Ini Catatan Komisi D Dalam Pembahasan Perubahan APBD 2024

IndnesiaLineNews-Jakarta-Komisi D Dewan Perwakilan Rakyat Daerah (DPRD) Provinsi DKI Jakarta melakukan pembahasan Perubahan Anggaran Pendapatan dan Belanja Daerah Perubahan (APBD) Tahun 2024 bersama organisasi perangkat daerah (OPD) mitra kerja.

Sejumlah koreksi dan masukan disampaikan dalam pembahasan tersebut.

Ketua Komisi D DPRD DKI Jakarta, Ida Mahmudah mengatakan, salah satu evaluasi dilakukan terhadap usulan dari Dinas Sumber Daya Air (SDA) yang mengajukan penambahan anggaran senilai Rp 200 miliar lebih untuk pembangunan polder.

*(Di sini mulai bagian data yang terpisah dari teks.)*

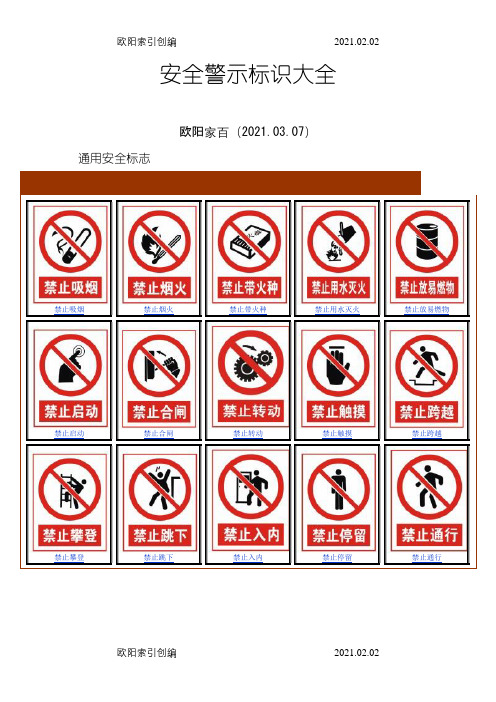 安全、环境、职业卫生警示标志图示大全之令狐采学创编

“Kalau ini berbicara Program Strategis Nasional (PSN), faktanya sampai hari ini belum jadi, baru proses. Disebabkan PSN ini belum jadi maka kami lebih prefer ini dianggarkan tahun 2025,” ujarnya, Selasa (13/8).

Ida menjelaskan, berdasarkan perencanaan, program ini untuk jangka panjang hingga tahun 2027.

“Secara konsep bagus, tapi karena PSN belum jadi maka usulan anggaran kami coret dan bisa kembali diusulkan pada tahun 2025 saja,” terangnya.

Menurutnya, terkait reklamasi pulau untuk pengelolaan sampah, Komisi D DPRD DKI menilai dengan adanya Refuse Derived Fuel (RDF) di Bantar Gebang dan Rorotan, penyaring sampah, bank sampah di tingkat RW hingga sudah dibangunnya 20 TPS3R sudah sangat memungkinkan mengatasi persolan sampah.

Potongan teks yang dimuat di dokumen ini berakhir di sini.